• _WHAT THE TASK REQUIRES_
Go through the data and copy every line exactly, but not the images.

DATA BLOCK Start Marker

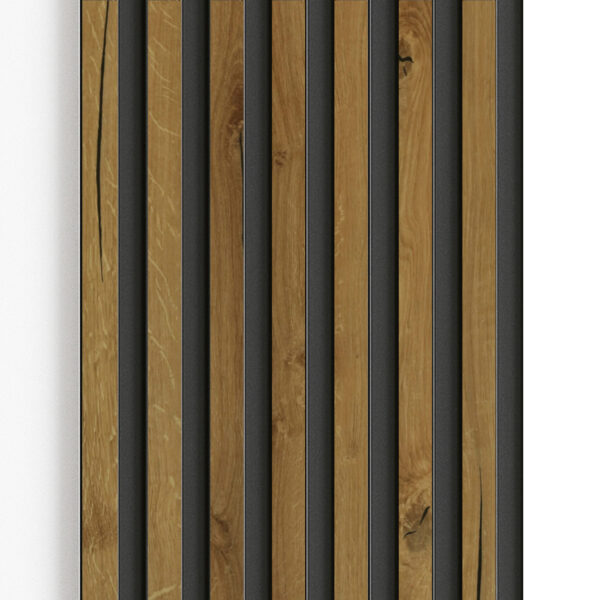 Riflaje de exterior, profil polistiren Austrotherm, gri antracit și maxCL 483, 250x42x7cm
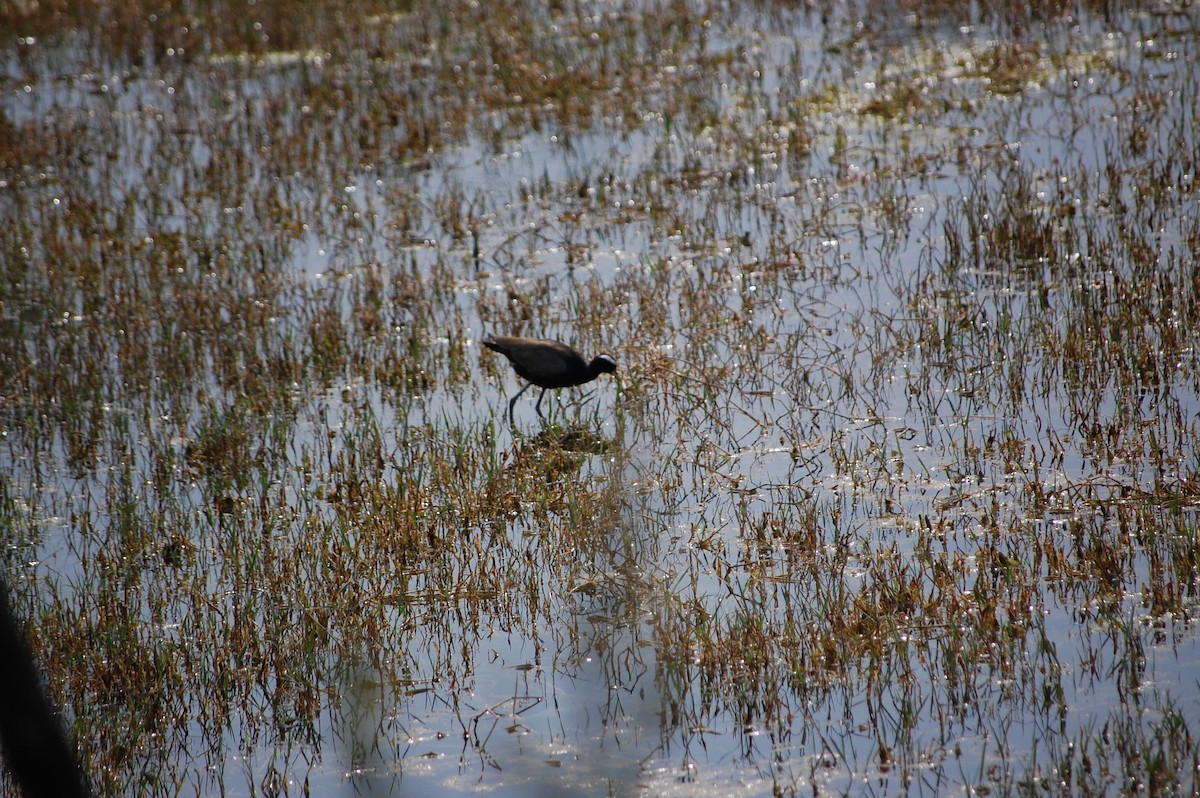 Бронзовокрылая якана - ML647118205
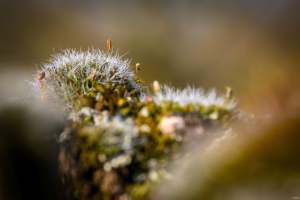 2026-03-28-08-23-48-NIKON-Z-8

DATA BLOCK End Marker

• _EXERCISE ANSWER_
 Riflaje de exterior, profil polistiren Austrotherm, gri antracit și maxCL 483, 250x42x7cm
 Бронзовокрылая якана - ML647118205
 2026-03-28-08-23-48-NIKON-Z-8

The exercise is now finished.